Global Research Bytes Episode 4: Activism & Academia with Steve Parks


Global Research Bytes Episode 4: Activism & Academia with Steve Parks

Stephen Parks headshot
Transcript of Interview with Professor Steve Parks

Emily Mellen 0:07

Welcome to the fourth episode of our podcast series, Global Research Bytes. I'm Emily Mellen and I'm here with Steve Parks, a professor in the English department. Hi Steve. 


Steve Parks 0:16



Emily Mellen 0:17

Your current project “Overcoming the Impossible, Democratic Advocates, Authoritarian Leaders, and the Tools for Success" analyzes the Oslo Freedom Forum Fellows Program where fellows are chosen for their ability to initiate broad campaigns for democratic change in their nations. Can you tell us more about the fellowship and about this research? 


Steve Parks 0:36

Sure. So, the project itself grows out of the fact that recent research has indicated that the largest driver of the success of a social movement for democratic change is the skill-base of the advocates doing the program. I think in the past people have thought that it was outside aid or, you know, perhaps military assistance or sanctions from the outside. But in fact, it's the ability of the people on the ground to organize a strategy, create a solid middle of support among the population, and then do a series of tactics that ultimately produce change. So, there's a program, called the Oslo Freedom Forum, which was created by Jhanisse Vaca Daza and Srjda Popovic, who are members of the Democratic Futures Project, which I'll talk about in a minute. They created a project where they recruit about 10 emerging democratic advocates, meaning they've had some limited success within their communities, perhaps within their region, and provide them a year-long training based upon the Center for Applied NonViolent [Action] and Strategies, which Popovic created, on how to strategize, how to read sort of the terrain that you're acting upon, how to develop tactics, how to create a middle that'll create power, and our project is to look at the skills that are being taught to assess which skills are most used for advocates and then to build a curriculum out of their work, which will sort of strengthen the ability of advocates to create change. 


Emily Mellen 2:04

And as you mentioned, this project is part of your work with the Democratic Futures Project, which you lead, as part of the UVA Democracy Initiative. How did you become interested in issues of global democracy? 


Steve Parks 2:15

Well, my personal interest grew from the fact that I became friends with a Syrian refugee named Bassam Alahmad and together we created a human rights documentation project, called Syrians for Truth and Justice, which has offices in Istanbul and Paris. Out of that work, I became highly aware that the theory around politics, culture, and social movements that happens in the academy, while it maybe initially began rooted in the materiality of the moment, because of the nature of the university, it began to spin on its own axis and become less and less useful to advocates on the ground. So, the Democratic Futures Project is premised on the idea that if global democratic advocates and university scholars have consistent dialogue and sponsor research projects, we’ll begin to create the materials that'll be useful for the advocate in their particular moment, but also can be generalized out in a way that will be useful for other advocates at this current moment.
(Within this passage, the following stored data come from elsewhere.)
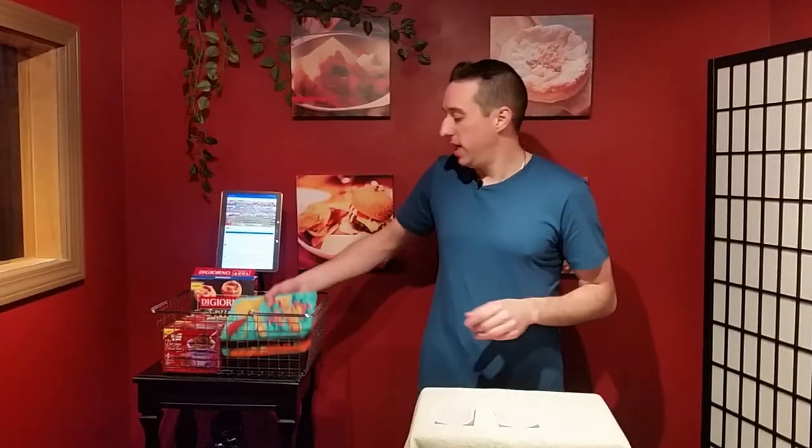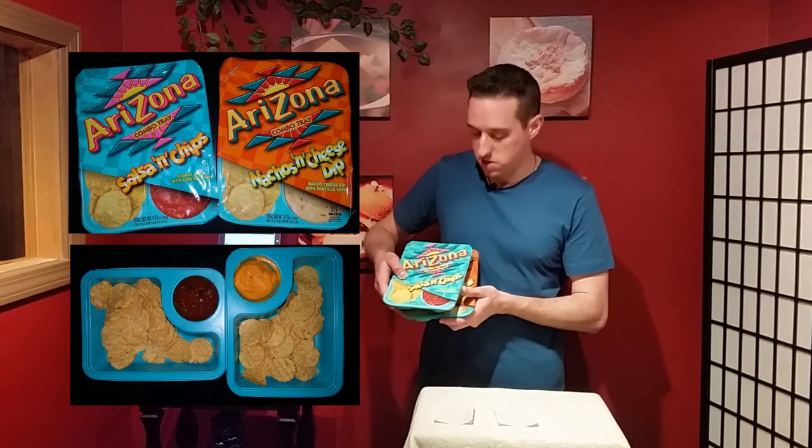These are from the Arizona Iced Tea people, except it's not a drink — it's salsa and chips, and nacho and cheese dip. These are their Arizona combo trays. I found these low to the ground on the aisle that I found them in, and they were not expensive at all.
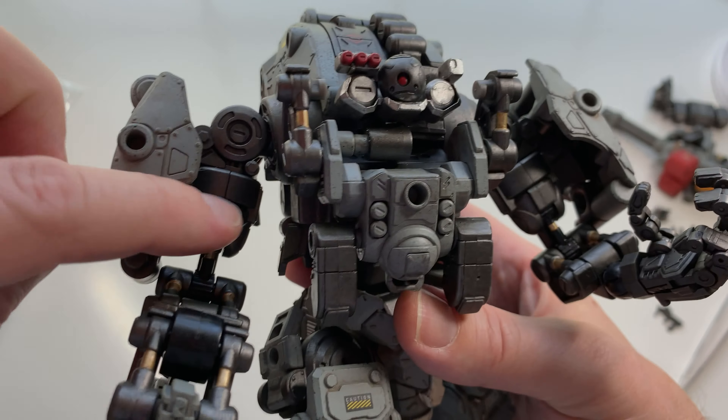It definitely stands up nice and solid and it's going to look fantastic on the shelf. Speaking of which, let's get it on the shelf and see what it looks like. There it is next to my other one — so this is the collection of two so far. I'm doing my Hexagear next to that. This is where I'm starting my Joy Toy collection. I think I'm going to stick with 1/25 for now.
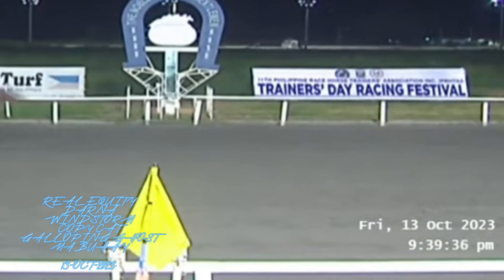In the last 75 meters, Real Equity is clear. And finally it's Real Equity winning, Darna second, and then the rest follow.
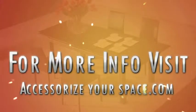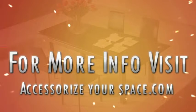Check this table out at AccessorizeYourSpace.com.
So, in some ways it's a praxis-based project where theory is in endless dialogue with the current political moment, theorizing where the possibilities for change are, articulating that, and then working with advocates to make that possibility a reality. 


Emily Mellen 3:29

That makes so much sense and that seems like a really important area to be expanding. So, where does the CGII funding come in? How has it supported your project so far?


Steve Parks 3:38

So, it's interesting because when I first arrived at the University of Virginia, about four years ago, I think the idea of global advocates and university academics speaking and working together was unusual. I had a very hard time explaining the value of this work both in terms of its value to the academy, but also its public value. CGII was really the first place that believed the argument and began to fund the project. In fact, one of the first people we worked with, Myo Yan Naung Thein, had just fled Myanmar in the face of a military coup and was essentially homeless and CGII stepped up with the grant which allowed us to provide him housing and allowed us to begin our initial work around uses of Facebook and disinformation and how we can create a campaign to combat that. CGII was pivotal because without them, none of this would have grown. And over the course of years, we now have projects in Bolivia, Estonia, Russia, the Philippines, and Zimbabwe where academics and advocates are working on the ground to figure out: How do we theorize this political moment? How do we get the tools and skills that allow these advocates to achieve success? So, it sounds a little hokey but without CGII, none of this none of this would have happened.


Emily Mellen 4:56

Well, that’s the ideal vision of a CGII grant, that you are able to build from it and go on. And you just alluded to this a little bit, but what are the next steps for this project? And for the Democratic Futures Project?


Steve Parks 5:09

Speaking broadly for the Democratic Futures Project, I think the idea is to deepen the current research in the countries I just mentioned, to really sort of get close to the idea: what are the skills that enable someone to succeed? But at the same time, what we're beginning to do is to publish and make what we're learning public. So, we've created a journal called Transformations, which is an international open access journal. Its first issue will be out in a couple weeks. We're beginning to develop a podcast, which will have advocates and academics talk back and forth, and make that very public. So, in a sense, I think the next stage of this project is once we have the research results: what are the formats, the genres, and the ways of speaking that will reach both the advocate and the academic? So, we're trying to create vehicles which bring these two worlds together through publication and audio formats like the podcast. 


Emily Mellen 6:06

That's so exciting. I look forward to hearing the future as we go on. Thank you so much for talking with me today. 


Steve Parks 6:11

Thanks very much for inviting me.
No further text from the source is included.